## PROBLEM DETAILS
Within the entries below, find every line that has the string "квартира", then copy it.

## SUPPLIED DATA
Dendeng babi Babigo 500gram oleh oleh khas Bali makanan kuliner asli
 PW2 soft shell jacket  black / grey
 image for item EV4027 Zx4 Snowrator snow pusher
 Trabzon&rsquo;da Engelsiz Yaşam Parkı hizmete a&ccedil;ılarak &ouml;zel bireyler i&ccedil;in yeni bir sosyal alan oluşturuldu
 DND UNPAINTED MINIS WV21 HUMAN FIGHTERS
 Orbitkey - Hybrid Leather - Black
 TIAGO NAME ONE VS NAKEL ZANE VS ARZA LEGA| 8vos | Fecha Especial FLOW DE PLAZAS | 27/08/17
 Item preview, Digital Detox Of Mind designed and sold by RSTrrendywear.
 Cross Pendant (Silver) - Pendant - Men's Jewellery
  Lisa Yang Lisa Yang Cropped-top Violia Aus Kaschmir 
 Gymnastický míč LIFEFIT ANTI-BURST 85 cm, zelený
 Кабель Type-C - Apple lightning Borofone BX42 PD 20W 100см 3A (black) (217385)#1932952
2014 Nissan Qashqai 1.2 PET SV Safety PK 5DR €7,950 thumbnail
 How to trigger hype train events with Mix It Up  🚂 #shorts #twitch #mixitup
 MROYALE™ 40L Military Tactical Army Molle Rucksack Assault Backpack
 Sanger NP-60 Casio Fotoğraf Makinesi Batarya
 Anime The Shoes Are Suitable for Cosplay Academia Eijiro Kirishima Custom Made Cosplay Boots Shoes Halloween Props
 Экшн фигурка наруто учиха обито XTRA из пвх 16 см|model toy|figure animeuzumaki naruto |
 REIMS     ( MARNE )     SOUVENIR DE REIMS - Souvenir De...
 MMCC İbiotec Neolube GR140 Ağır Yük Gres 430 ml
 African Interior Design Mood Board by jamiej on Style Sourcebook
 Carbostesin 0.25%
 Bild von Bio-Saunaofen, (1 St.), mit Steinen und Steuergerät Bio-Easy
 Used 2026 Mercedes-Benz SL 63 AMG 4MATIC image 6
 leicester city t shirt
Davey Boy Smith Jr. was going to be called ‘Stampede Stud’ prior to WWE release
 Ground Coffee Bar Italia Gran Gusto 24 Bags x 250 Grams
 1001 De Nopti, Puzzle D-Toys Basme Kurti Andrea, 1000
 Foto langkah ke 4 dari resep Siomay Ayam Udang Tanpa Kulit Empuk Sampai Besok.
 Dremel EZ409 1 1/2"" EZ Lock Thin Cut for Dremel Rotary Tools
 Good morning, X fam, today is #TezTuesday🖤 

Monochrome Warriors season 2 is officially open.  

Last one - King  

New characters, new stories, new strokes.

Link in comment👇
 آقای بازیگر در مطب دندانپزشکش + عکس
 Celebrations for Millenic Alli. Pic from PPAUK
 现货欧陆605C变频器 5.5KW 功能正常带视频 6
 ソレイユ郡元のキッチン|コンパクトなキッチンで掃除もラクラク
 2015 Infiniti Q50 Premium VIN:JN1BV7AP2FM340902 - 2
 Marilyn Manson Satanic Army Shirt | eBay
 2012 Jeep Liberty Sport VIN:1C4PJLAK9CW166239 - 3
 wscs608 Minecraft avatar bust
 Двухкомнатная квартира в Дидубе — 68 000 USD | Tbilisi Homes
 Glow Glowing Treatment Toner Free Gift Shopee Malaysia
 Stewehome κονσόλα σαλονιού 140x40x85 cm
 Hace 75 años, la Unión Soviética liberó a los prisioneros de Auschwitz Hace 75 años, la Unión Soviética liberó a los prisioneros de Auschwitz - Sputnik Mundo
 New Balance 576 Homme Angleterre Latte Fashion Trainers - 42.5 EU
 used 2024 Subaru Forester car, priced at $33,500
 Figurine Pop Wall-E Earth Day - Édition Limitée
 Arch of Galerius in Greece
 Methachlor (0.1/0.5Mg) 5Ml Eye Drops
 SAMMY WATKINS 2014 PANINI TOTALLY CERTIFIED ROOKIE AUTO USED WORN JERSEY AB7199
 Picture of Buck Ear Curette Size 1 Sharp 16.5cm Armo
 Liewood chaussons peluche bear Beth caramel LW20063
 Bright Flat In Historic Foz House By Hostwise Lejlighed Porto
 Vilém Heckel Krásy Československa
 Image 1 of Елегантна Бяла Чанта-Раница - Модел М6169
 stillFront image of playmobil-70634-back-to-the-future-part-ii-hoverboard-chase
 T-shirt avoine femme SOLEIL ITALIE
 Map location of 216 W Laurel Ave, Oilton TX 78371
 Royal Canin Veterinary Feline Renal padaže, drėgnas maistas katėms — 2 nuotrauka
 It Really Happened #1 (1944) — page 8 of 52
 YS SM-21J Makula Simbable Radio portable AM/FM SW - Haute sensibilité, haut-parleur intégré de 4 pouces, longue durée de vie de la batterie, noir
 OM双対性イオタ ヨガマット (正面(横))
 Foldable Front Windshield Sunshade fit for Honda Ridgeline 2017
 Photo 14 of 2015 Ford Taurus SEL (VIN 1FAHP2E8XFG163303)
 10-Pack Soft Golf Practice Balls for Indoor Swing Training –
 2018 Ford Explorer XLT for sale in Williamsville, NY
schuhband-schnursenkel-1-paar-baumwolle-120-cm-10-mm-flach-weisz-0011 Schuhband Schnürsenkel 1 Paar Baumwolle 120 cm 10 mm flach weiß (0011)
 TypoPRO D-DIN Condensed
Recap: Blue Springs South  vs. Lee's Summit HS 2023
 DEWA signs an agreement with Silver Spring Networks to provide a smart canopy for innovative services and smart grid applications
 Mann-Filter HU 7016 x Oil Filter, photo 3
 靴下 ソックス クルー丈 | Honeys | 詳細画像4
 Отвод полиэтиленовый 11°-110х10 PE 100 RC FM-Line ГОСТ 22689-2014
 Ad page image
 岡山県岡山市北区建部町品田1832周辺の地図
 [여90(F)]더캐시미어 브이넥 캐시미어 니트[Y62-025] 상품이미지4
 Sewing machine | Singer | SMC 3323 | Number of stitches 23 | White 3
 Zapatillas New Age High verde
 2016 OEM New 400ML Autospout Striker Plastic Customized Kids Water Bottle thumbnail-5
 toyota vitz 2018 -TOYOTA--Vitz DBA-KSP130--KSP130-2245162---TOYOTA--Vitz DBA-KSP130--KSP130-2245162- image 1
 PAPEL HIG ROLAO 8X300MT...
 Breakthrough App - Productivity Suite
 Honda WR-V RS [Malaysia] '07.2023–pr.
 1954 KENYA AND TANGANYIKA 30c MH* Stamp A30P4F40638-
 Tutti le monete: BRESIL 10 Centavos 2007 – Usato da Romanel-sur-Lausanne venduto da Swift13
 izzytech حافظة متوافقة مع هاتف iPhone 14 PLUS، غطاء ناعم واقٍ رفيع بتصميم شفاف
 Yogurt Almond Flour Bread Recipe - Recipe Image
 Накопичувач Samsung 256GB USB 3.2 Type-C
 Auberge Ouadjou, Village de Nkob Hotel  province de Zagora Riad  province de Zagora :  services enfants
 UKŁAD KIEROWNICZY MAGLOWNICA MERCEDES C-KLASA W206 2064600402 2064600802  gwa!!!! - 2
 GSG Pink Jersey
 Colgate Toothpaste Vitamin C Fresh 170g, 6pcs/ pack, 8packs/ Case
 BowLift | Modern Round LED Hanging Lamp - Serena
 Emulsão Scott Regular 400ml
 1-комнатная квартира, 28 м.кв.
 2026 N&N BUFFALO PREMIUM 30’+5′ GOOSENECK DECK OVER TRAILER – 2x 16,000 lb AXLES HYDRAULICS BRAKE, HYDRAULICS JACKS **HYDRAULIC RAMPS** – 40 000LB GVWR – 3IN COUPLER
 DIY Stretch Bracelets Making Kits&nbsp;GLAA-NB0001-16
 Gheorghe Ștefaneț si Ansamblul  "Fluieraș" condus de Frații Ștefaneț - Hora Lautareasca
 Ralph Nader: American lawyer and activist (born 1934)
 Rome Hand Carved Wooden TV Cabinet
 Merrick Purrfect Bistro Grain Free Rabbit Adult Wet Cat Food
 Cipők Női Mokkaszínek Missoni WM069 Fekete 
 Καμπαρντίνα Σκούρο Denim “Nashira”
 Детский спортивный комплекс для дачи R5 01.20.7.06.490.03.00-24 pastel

## ANSWER TO THE PROBLEM
 Двухкомнатная квартира в Дидубе — 68 000 USD | Tbilisi Homes
 1-комнатная квартира, 28 м.кв.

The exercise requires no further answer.